In [16]:
import os
import numpy as np
import h5py
import json
import torch
#from scipy.misc import imread, imresize   #pip install scipy==1.1.0
from imageio import imread
from skimage.transform import resize
import matplotlib.pyplot as plt
import torch.nn as nn
import torchvision
from tqdm import tqdm
from collections import Counter
from random import seed, choice, sample
from torch.utils.data import Dataset
from PIL import Image
import torchvision.transforms as transforms
from torch.nn.utils.rnn import pack_padded_sequence


In [17]:
def save_checkpoint(epoch, encoder, decoder, decoder_optimizer):
    state = {'epoch': epoch,
             'encoder': encoder,
             'decoder': decoder,
             'decoder_optimizer': decoder_optimizer}
    file_name = 'checkpoint' + str(epoch) + '.pth'
    torch.save(state, file_name)


class AverageMeter(object):
    def __init__(self):
        self.val = 0
        self.avg = 0
        self.sum =0
        self.count = 0

    def update(self, val, n = 1):
        self.val = val
        self.sum += val * n
        self.count += n
        self.avg = self.sum / self.count

# out of the class
def adjust_learning_rate(optimizer, shrink_factor):
    optimizer.param_groups[0]['lr'] = optimizer.param_groups[0]['lr'] * shrink_factor  # this is how we can access the learning rate of the optimizer
    print("The new learning rate is : {:3f}".format(optimizer.param_groups[0]['lr']))

In [18]:
def accuracy(scores, targets, k):
    """
        scores: batch_size, max(decoding_length), vocal_size --> (sum(decoding_length), vocab_size)
        targets: batch_size, max(decoding_length),  --> sum(decoding_length)
    """
    batch_size = targets.size(0)
    _, indices = scores.topk(k,1)
    correct = indices.eq(targets.view(-1,1).expand_as(indices)) # make the same dimension of the tensor to be able to compare
    correct_total = correct.view(-1).float.sum()

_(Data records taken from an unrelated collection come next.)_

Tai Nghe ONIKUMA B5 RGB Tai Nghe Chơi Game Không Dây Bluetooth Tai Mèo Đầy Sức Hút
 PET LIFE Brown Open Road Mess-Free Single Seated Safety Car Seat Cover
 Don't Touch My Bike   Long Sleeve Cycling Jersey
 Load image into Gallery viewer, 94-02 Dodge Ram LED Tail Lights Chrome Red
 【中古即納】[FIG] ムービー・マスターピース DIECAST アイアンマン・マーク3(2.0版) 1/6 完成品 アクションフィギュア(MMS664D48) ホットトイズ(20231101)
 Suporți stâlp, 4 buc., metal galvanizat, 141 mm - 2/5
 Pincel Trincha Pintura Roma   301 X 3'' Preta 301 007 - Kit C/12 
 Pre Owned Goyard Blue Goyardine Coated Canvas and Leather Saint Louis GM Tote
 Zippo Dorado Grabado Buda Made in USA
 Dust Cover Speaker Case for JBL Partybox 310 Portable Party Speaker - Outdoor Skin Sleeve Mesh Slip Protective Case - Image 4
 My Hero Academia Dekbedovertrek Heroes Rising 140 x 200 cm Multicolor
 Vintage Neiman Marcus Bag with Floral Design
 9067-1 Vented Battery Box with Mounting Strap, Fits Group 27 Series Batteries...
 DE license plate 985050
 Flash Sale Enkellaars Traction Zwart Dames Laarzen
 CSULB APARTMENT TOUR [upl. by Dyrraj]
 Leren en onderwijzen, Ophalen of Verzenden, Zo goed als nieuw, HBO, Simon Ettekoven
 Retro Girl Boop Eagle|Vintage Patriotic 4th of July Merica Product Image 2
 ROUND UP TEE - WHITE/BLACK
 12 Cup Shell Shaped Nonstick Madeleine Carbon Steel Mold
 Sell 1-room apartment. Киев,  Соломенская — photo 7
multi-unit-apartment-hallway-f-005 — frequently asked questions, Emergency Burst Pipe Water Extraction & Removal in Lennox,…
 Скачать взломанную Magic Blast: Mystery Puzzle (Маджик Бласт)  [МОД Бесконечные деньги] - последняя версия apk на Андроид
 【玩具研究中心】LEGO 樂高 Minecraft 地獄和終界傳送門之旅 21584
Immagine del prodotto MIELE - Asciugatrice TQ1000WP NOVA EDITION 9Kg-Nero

    return correct_total * (100.0 / batch_size)


**DataSetClass**

In [19]:
class Flickr8kDataset(Dataset):

    def __init__(self, data_transforms):
        self.h = h5py.File('TRAIN_IMAGES.hdf5', 'r')   # this is the dataset format of the images, refer to the repo of reference of the data preparation https://github.com/sgrvinod/a-PyTorch-Tutorial-to-Image-Captioning
        self.images = self.h['images']

        self.cpi = self.h.attrs['captions_pre_image']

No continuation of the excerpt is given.